Geologists 750% Wrong in Death Valley
A volcanic explosion in northern Death Valley occurred 800 years ago, not 6,000, “far more recently than generally thought,” according to new dating estimates. The event that created Ubehebe Crater is so recent, in fact, geologists think another devastating explosion could happen today.
“This certainly adds another dimension to what we tell the public,” a park ranger said after hearing the announcement reported on Science Daily. Using isotopic ages on rocks blown out of the crater, geologists from Columbia University calculated dates from 2,100 to 800 years old from the debris, with the biggest explosion at 800 years ago perhaps being the grand finale of a series of eruptions. The article said some of the other pits in the vicinity, called maars, gave dates of 3,000 to 5,000 years.
Explosion pits like Ubehebe (pronounced you-be-hee-bee) are thought to result from groundwater hitting a magma pocket.
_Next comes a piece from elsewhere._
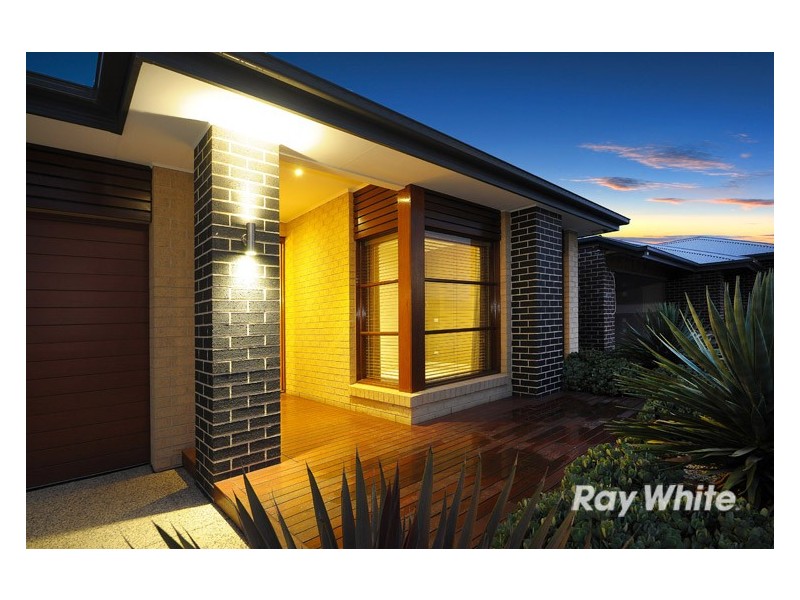 8 Holsteiner Terrace, Clyde North VIC 3978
It seems surprising to envision water in this hottest, driest part of North America, but if the explosion occurred in the middle ages (around 1200 A.D.), tree ring evidence shows it was even hotter and drier then. If explosions occur periodically every thousand years or less, it’s not out of the question another one is coming.
Here’s what the geologists estimate an eyewitness would see:
Study coauthor Brent Goehring, (now at Purdue University) says this would have created an atom-bomb-like mushroom cloud that collapsed on itself in a donut shape, then rushed outward along the ground at some 200 miles an hour, while rocks hailed down. Any creature within two miles or more would be fatally thrown, suffocated, burned and bombarded, though not necessarily in that order. “It would be fun to witness — but I’d want to be 10 miles away,” said Goehring of the explosion.
In all fairness, the write-up on Live Science pegs the earlier estimate at 4,000 years. That would make the earlier geologists only 500% wrong.
When you go to national parks, do you accept the interpretive signs as authoritative? There have been other examples of misinformation, some even worse – like the realization in the 1980s after Mt. St. Helens erupted that the Yellowstone fossil forests must not have grown in place (as long taught by park sings), but were buried quickly by catastrophic volcanic mudflows. Scientists don’t know when Ubehebe erupted. Even the revised date is based on indirect evidence that might be overturned again.
What parks and geologists should do is state that the date is only an estimate based on certain assumptions, and that other interpretations are possible. They won’t do that, because they like the air of authority that comes from matter-of-fact statements, like “x million years ago, y happened.” Let’s see how long it takes them to rewrite the interpretive signs at the crater. Meanwhile, park visitors be forewarned. Don’t You Be Heeby.*
*Since there is no such word, we will assign it the temporary meaning of gullible for present pun-itive purposes.